Another view says, “The board of education needs to take the lead in offering solution to the predicament generated by its own making and just now known to the public or to the PSS community such as the pay raises executed in 2017 for central office administration.
“It is time to shift the resources down to the schools and enable the school officials, teachers, parents, and the supportive community to make decisions at the school-community level. Time to decentralize authority and enhance accountability at the school-community level.” I couldn’t agree more!”
Doesn’t some of this behavior and claptrap policy sound positively ‘criminal’ to you readers? It is certainly hypocritical “in extremis” considering this sentence from a Monday June 10, 2019 CNMI PSS PR release in the Saipan Tribune, Commissioner of Education speaking, “The Public School System reaffirms its commitment that the children of this Commonwealth deserve the optimum educational opportunities for them to succeed, with the support of our dedicated public school staff and personnel.”
Where are the “ optimum educational opportunities” with the casting of fear of job loss to teachers if agreement to salary reduction is not accepted? Why did Tinian Junior Senior High school have no, get that? No on-site Science teacher for SY 2012-2013, SY 2013-2014, SY 2014-2015 while students took Science courses online by computer. That meant no field trips, no lab work in situ, and students told me it was often difficult to communicate with their online science teachers. For SY 2013-2014 there were never more than ten working computers in the computer room during the entire school year.

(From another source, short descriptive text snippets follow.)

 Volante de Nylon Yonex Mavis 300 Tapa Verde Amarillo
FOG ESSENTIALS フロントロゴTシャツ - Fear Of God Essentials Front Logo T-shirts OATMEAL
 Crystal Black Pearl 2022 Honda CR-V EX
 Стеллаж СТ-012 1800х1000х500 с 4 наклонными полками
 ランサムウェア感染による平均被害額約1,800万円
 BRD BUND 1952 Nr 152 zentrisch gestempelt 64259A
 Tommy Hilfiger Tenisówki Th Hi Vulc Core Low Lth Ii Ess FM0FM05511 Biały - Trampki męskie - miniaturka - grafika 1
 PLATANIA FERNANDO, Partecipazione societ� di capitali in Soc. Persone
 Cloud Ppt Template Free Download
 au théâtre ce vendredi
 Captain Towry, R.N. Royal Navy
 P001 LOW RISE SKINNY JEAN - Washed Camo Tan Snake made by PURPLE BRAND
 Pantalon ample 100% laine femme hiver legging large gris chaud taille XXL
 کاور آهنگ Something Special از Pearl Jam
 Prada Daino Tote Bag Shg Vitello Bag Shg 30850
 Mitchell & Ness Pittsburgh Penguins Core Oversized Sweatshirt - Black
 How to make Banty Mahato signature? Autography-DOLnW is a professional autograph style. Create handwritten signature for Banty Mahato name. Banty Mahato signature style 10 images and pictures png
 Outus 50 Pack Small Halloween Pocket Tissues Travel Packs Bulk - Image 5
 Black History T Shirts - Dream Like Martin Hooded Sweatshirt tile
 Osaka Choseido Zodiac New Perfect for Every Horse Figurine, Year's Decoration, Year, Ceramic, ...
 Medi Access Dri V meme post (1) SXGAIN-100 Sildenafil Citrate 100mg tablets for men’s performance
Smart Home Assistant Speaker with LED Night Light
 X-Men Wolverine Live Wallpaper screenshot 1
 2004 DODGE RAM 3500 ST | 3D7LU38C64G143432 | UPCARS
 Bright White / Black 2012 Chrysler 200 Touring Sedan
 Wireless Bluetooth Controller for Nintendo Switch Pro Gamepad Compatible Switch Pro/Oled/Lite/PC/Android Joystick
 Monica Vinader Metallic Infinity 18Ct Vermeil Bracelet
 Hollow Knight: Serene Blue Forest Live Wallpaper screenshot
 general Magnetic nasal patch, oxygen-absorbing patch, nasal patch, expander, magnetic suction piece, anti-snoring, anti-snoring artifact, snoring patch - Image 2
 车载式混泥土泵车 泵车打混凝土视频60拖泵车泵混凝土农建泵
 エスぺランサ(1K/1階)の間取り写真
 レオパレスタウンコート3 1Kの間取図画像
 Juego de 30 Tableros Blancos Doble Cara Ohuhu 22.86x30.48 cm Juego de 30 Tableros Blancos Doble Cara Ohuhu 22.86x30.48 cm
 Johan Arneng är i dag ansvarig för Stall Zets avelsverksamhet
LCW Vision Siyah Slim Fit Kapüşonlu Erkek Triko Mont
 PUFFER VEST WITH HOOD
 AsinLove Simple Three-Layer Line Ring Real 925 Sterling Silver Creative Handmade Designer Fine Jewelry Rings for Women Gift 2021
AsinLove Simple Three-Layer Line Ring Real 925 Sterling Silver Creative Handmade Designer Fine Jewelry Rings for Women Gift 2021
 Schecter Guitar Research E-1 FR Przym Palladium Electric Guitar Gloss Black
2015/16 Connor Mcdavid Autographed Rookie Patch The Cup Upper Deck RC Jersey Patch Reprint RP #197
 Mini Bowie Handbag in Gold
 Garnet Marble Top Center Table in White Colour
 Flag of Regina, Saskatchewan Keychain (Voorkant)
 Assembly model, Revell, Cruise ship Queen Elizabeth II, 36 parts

Most of the computers were in disrepair the entire school year. Responsibility for computer repair was given to the HS Math and Physics teacher, a local CNMI resident, who had substantial responsibilities with his full classes in his own separate classroom. He left for the mainland who could blame him? The room was next to my classroom and it was hard to schedule time to get my classes in there. The principal at the time told me there was a complete science lab in a room in boxes waiting to be set up by a science teacher. A previous Tinian Junior Senior HS principal gave away a Federal Model Classroom Grant I had applied for and received to some PSS buddy over on Saipan. It included furniture specifically designed for computer use in the classroom. I happened to see it in the PSS Saipan central office by chance months later and found out what school it was headed to. I got a letter from my principal on Tinian to state what he had done with it in case the Feds came knocking wondering about the whereabouts of the grant and physical elements of that grant I had received for use in Tinian JR/SR HS.
There dear readers are some examples of lost and stolen “optimum educational opportunities” on Tinian alone. One has to wonder about the number of similar losses on Saipan given the large number of schools there. Say nothing of PSS Saipan Central office people making higher salaries with a BS degree over classroom teachers with one or more Masters degrees. As has been alluded to elsewhere fear of job loss prevents many teachers from speaking out (there is of course no union to defend them) and now the threat of job loss and their professional livelihood is out in the open with the teachers being forced or coerced to sign an agreement for a salary reduction. Yes, indeed there is a general atmosphere conducive for ‘not’ providing “optimum educational opportunities” to the CNMI PSS students. One has to wonder what the administration and teachers at NMC are telling their PSS bound teachers about the situation and their students concerns about future teaching careers at PSS? Where are the voices of protest from NMC education professors and administrators? Shame and ‘eskuelan eskandalu’ on the CNMI BOE and CNMI PSS.
I wholeheartedly agree with former AAG Charles E. Brasington’s comments in the Saipan Tribune on Monday June 10, 2019 where he requested the CNMI legislators to investigate the PSS leadership’s “illegal and morally reprehensible conduct.”